En même temps que la « mort de Dieu », nous observons dans la conscience des masses la fin de l’anthropocentrisme. Si la place de Dieu au centre du monde, dans les idéologies des temps modernes a été occupée par l’homme, avec sa foi optimiste dans la science et le progrès, l’expérience tragique du XXe siècle, avec ses innombrables victimes humaines, a causé la fin de cette croyance optimiste. Comme l’écrivait Dietrich Bonhoeffer, « l’absolutisation de l’idéal de liberté mène l’homme à l’autodestruction. Le nihilisme est au bout du chemin sur lequel nous marchons depuis la révolution française[2]. » En même temps que les idéologies totalitaires, dont le communisme a été la dernière, l’homme moderne rejette toute tentative d’expliquer le monde, il nie la possibilité même de la vérité. Ainsi, l’homme postmoderne est-il un homme déçu. Il a renoncé à toute grande idée au nom de laquelle il aurait pu donner sa vie. Et sa vie a perdu tout sens. L’univers de l’homme contemporain, gravite autour de la liberté individuelle et des intérêts personnels, son but principal étant de consommer. Le principe du plaisir, dont s’inspire l’homme postmoderne est venu remplacer les impératifs religieux et moraux.

Le nihilisme contemporain comme négation d’un Dieu qui limiterait la liberté humaine, et comme négation de l’homme qui a renié Dieu au nom du progrès, ne propose aucune alternative, il se présente comme un vide. Ce vide peut et doit être trouver un contenu positif, correspondant à la nouvelle époque. Notre temps, suivant un sociologue contemporain, « rend possible le retour à grande échelle des valeurs religieuses. Le vide sans Dieu peut se transformer en vide pour Dieu[3] ».

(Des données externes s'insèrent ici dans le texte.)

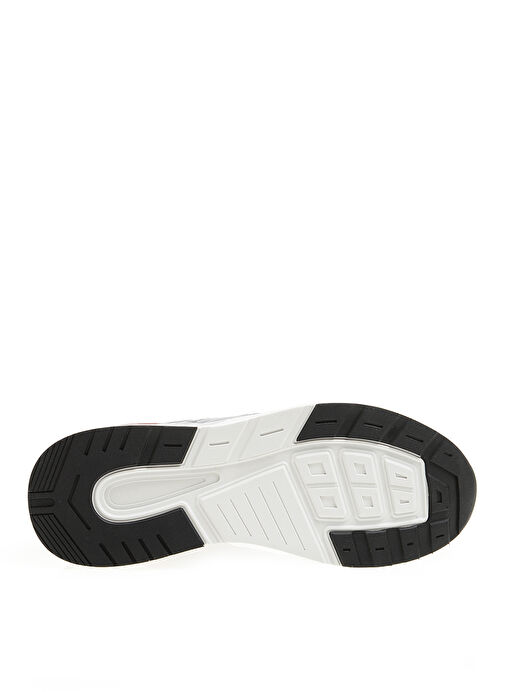 Dirk Bikkembergs Açık Gri-Kırmızı Erkek deri Sneaker 16210/CP - Görsel 4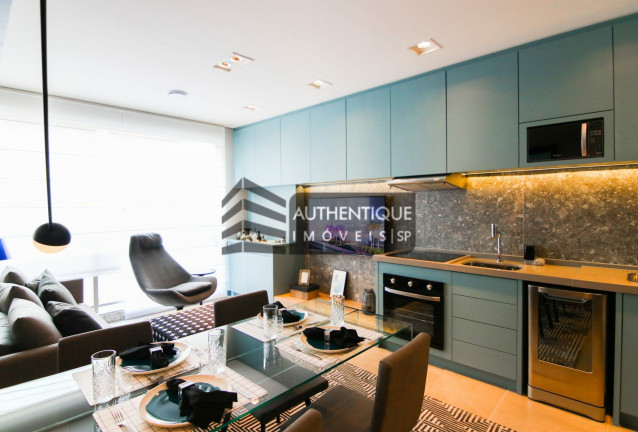 Imagem Apartamento com 2 Quartos à Venda, 51 m² em Vila Mariana - São Paulo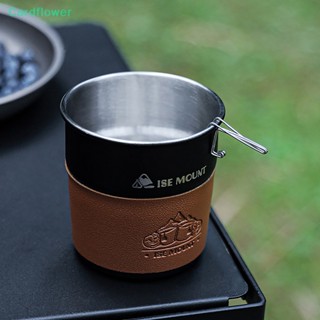 &lt;Cardflower&gt; หัวฉีดกาแฟดริป สเตนเลส แบบพกพา ลดราคา 1 ชิ้น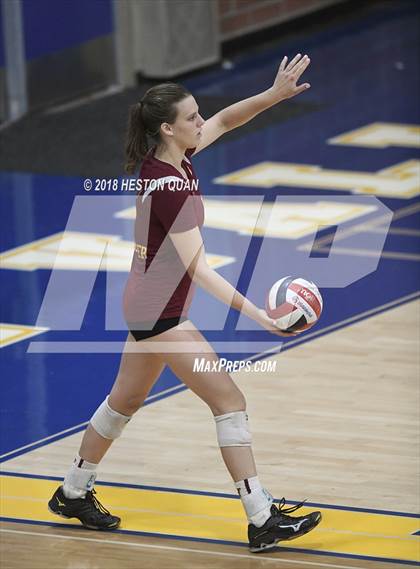 Thumbnail 2 in St. Margaret's vs. Woodrow Wilson (Dave Mohs Tournament) photogallery.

  1. L’alternative chrétienne

Comme l’a démontré l’expérience de la Russie et d’autres pays d’Europe orientale longtemps soumis à une idéologie totalitaire, le christianisme peut proposer à l’homme moderne, sans illusion sur quelque système idéologique que ce soit, une réelle alternative. Il peut l’aider à trouver un sens nouveau et véritable à sa vie. Certains, déçus par les idéaux soviétiques, se sont simplement mis à suivre les normes de la société de consommation ; beaucoup d’autres sont venus à l’Église et ont trouvé dans l’Évangile cet idéal véritable qu’avaient remplacé des idéaux mensongers. L’expérience concrète de l’Église orthodoxe russe témoigne de ce que le christianisme peut répondre aux questions existentielles de l’homme, sans rejeter les acquis des temps modernes comme la liberté de la personne humaine et les droits de l’homme, mais en les ramenant à leurs racines chrétiennes et en leur communiquant par là-même une plus grande valeur.

Au contraire, il serait profondément erroné d’adapter les vérités chrétiennes aux représentations instables de l’époque moderne sous le prétexte fallacieux que cette adaptation servirait la mission chrétienne. Force est de constater avec regret que certaines confessions chrétiennes se sont engagées sur cette voie. En appliquant à leurs communautés des phénomènes typiques du postmodernisme et par nature totalement séculiers, ils deviennent par là partie intégrante de la culture pluraliste postmoderne, incapables de proposer à l’homme contemporain une vraie alternative spirituelle.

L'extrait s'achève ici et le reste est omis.